PDA

View Full Version : Advice needed with wonky lathe



wood hacker
16th August 2014, 12:40 PM
Hi All

I'm hoping that that brains trust here can offer some advice to help fix a wonky lathe. A while ago I needed to replace the belt on my old Hyco lathe, which requires taking the whole spindle shaft out. The shaft was difficult to remove and required a bit of force to get it out. Knowing that damage to this could bugger the lathe I did everything I could think of to protect the shaft and threads during this operation. I replaced the bearings at the same time and reassembled the whole thing. Centres lined up nicely (pics from above and the side) and away I went again.

Since changing the belt I had only been turning between centres and have had no issues. However I have now come to do some bowl turning and have struck a major problem. When the scroll chuck is screwed onto the shaft there is a noticable wobble. This certainly wasn't the case before changing the belt. I have tried both my scroll chucks and they both exhibit the same wobble.

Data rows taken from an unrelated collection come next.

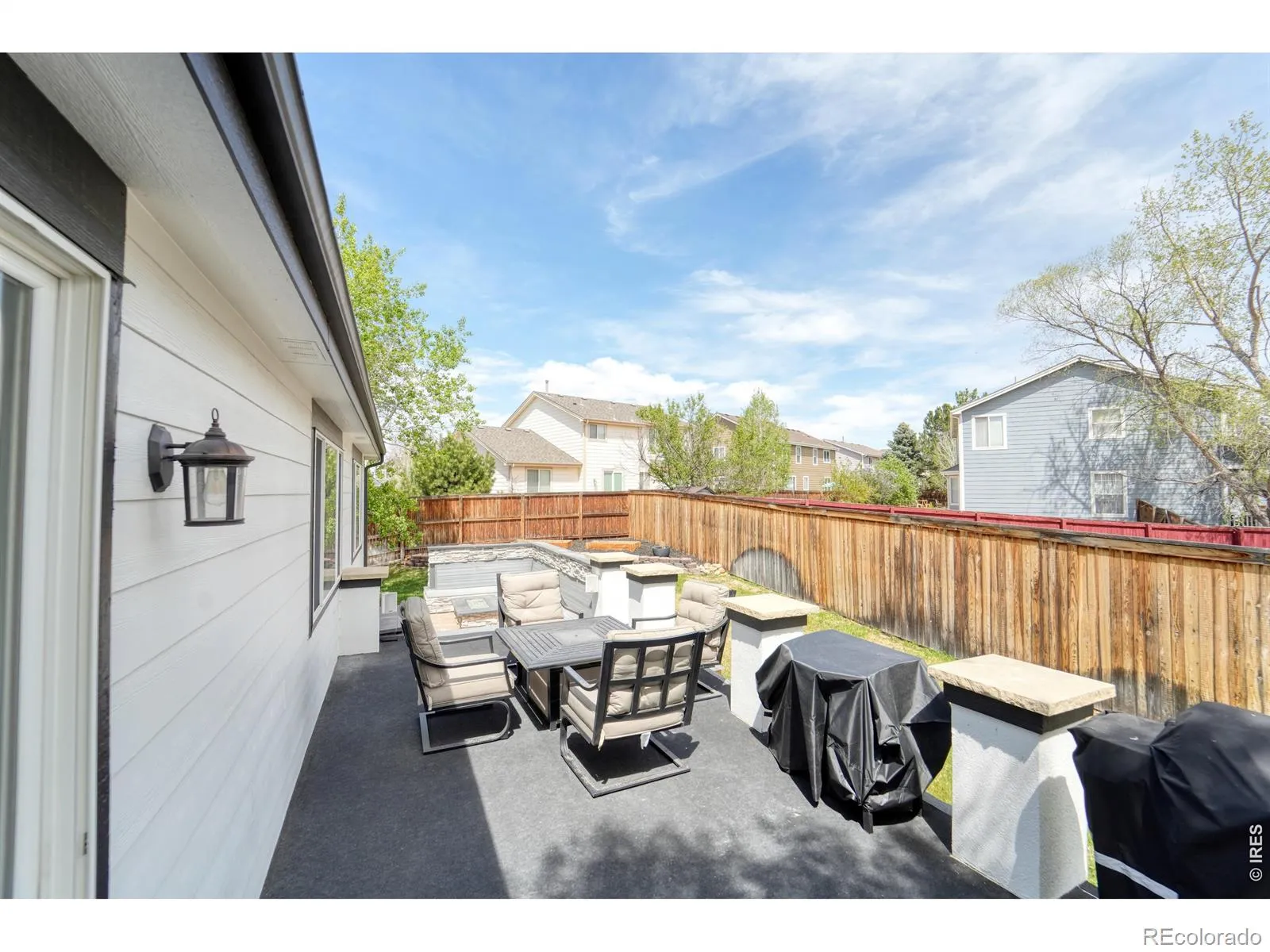 984 Glenarbor Circle Longmont CO 80504 MLS #RECIR1057142 04222026164530 1600 31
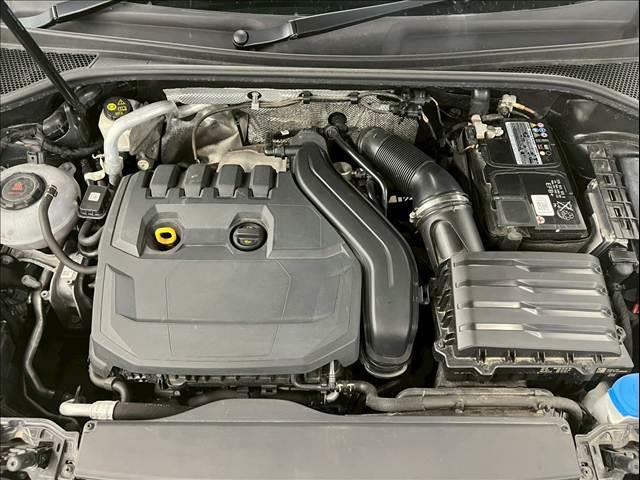 Ｑ３ ３５　ＴＦＳＩ　ａｄｖａｎｃｅｄ　全周囲カメラ／メーカーナビ／コンビニエンス＆アシスタンスＰＫＧ／アダプティブクルーズコントロール／ステアリングスイッチ／シートヒーター／パワーシート／パワーバックドア／バーチャルコックピット／ＥＴＣ（12枚目）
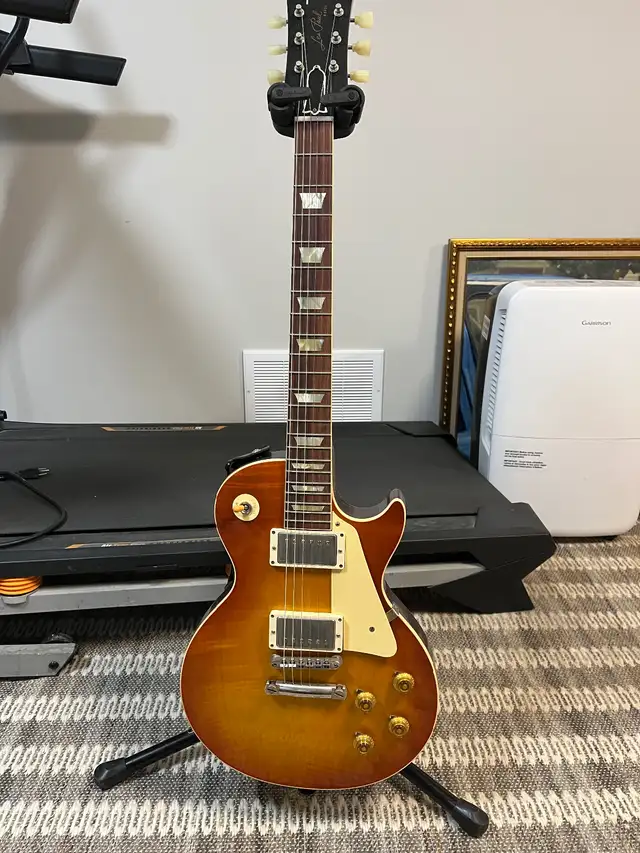 Gibson Les Paul 1958 reissue in Guitars in Peterborough - Image 2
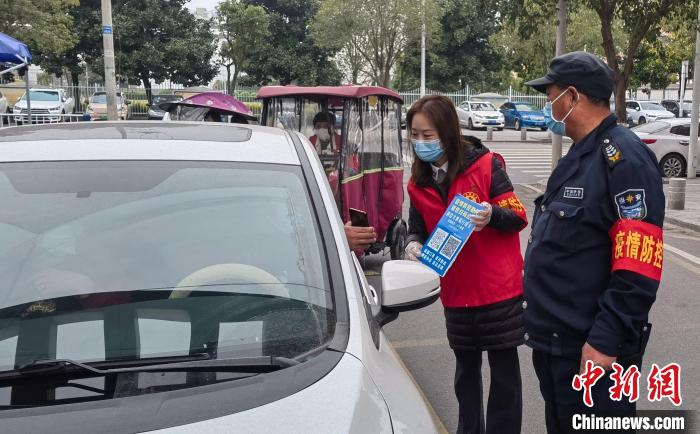 铁路客运值班员“变身”社区志愿者：发挥服务优势 站好疫情防控岗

In the pics attached the wood cylinder has been turned between centres and then mounted in the scroll chuck. The tool rest was placed against one side and photographed and then rotated 180° and again photographed. As you can see there is a noticible gap. At the size of this piece its about 1mm but as the size gets larger the wobble gets more and more pronounced.

So throwing it open for ideas. What could be the cause and more importantly how to I fix it.

cheers
WH

chuck1
16th August 2014, 01:13 PM
Is the spindle shaft running true? Check the insert for the chuck and locking grub screw are tight.
have you over tightened the the jaws to the timber? That's all I can think of at the moment

robyn2839
16th August 2014, 01:28 PM
Is the spindle shaft running true? Check the insert for the chuck and locking grub screw are tight.
have you over tightened the the jaws to the timber? That's all I can think of at the moment

i think it will be the insert, that is often is the problem.borrow another one and try it .....bob

wood hacker
16th August 2014, 01:33 PM
I've tried two different chucks and have the same problem with both. One has an insert and this is in tight while the other doesn't have an insert but has the tread directly in the body of the chuck. Both have the same wobble and in the same spot relative to the shaft.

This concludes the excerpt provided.